Aislada en la isla de Tavern intentando concluir su segunda obra de teatro, Lillian Hellman escuchó en la radio el mismo 17 de julio de 1936 la noticia del levantamiento del ejército en España. Mientras su pareja, Dashiell Hammett, intentó alistarse en las Brigadas Internacionales, Hellman, militante antifascista en la órbita del Partido Comunista, asumió la causa como propia y se involucró en la propuesta que le hizo el escritor Archibald MacLeish: crear una productora, Contemporary Historians, con la que levantar un documental que sirviera para recaudar fondos en ayuda a la República.
El proyecto urgía. En él se habían embarcado dos de los más reputados documentalistas del momento, el realizador Joris Ivens y la montadora Helen van Dongen, y la realidad bélica parecía acelerar el paso del tiempo. Hellman no dudó en financiar el viaje de Ivens a España ni en hilar con MacLeish la primera estructura de un guion al que pronto se sumarían Ernest Hemingway y John Dos Passos. Desde París, Jean Renoir se ofreció para locutar la versión francesa; Orson Welles hizo lo propio desde Nueva York con la original.

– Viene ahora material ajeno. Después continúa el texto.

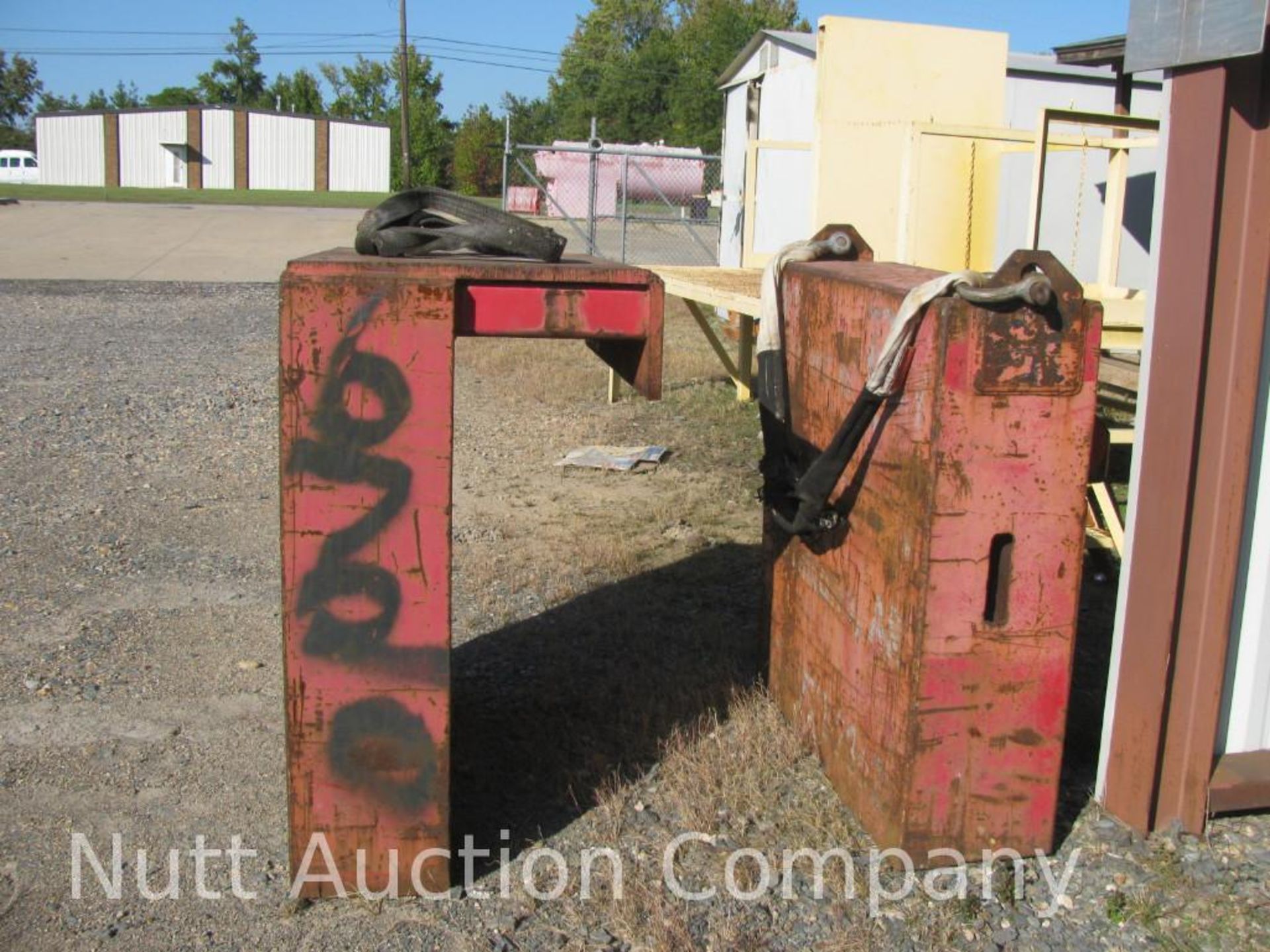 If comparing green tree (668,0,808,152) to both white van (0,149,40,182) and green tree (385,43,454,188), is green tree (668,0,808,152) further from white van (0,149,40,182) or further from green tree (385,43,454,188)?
white van (0,149,40,182)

Hubiera sido su primer cometido en el cine, pero Hemingway no se mostró dispuesto a cederle aquel protagonismo.
Ivens desechó la mayor parte del trabajo cuando descubrió que cualquier idea concebida desde la distancia limitaba el alcance de la abrumadora realidad que España desplegaba ante sus ojos. El resultado quedará enmarcado por las imágenes inevitables de cualquier cinta de propaganda —la arcadia de concordia y progreso de la colectivización agraria, los discursos políticos de Líster y La Pasionaria, los lienzos de Sert supervivientes a la destrucción del palacio de Liria, la apoteosis bélica final—, pero si la cámara de Ivens alcanza su sentido último es cuando se absorta ante el inaudito costumbrismo del Madrid asediado: un coche fúnebre avanza entre unas mujeres de luto, un hombre recorre las calles llevando un ataúd infantil al hombro, unos chavales contemplan el hormigueo de la ciudad desde uno de los muros levantados para intentar contener una posible entrada de las tropas nacionales. Un policía echa a un niño que mira fijamente a la cámara ante un cartel que anuncia la proyección de una película de Simone Simon en el cine Madrid-París; en el plano anterior, un furgón de los servicios municipales lo ha dejado atrás en su camino a recoger un cadáver abandonado entre los cascotes de la Gran Vía.
Tierra de España (1937) fue un ejemplo mayestático del deslumbrante cine documental que marcó la década de los treinta. También una fuente de financiación para la causa —el estreno de la película en la mansión del actor Fredric March, ante la aristocracia de Hollywood y con presentación de Hemingway y la propia Hellman, recaudó 13.000 dólares que sufragaron un envío de ambulancias al frente— y una llamada de atención al presidente Roosevelt, que tras solicitar un pase privado en la Casa Blanca garantizó un apoyo a la República que no sostendría en el tiempo. Para entonces, Hellman ya no se encontraba en Estados Unidos, pues había marchado a la URSS como invitada de honor del Festival de Teatro de Moscú. Hará escala en España, a donde llegará en octubre de 1937, cuando la República apenas conserva un tercio de la península y las tropas nacionales se apresuran a partir su territorio en dos. Allí pasará dos meses que le cambiarán radicalmente la vida tras vivir personalmente lo que definió como “una guerra que no se parecía a ninguna otra”.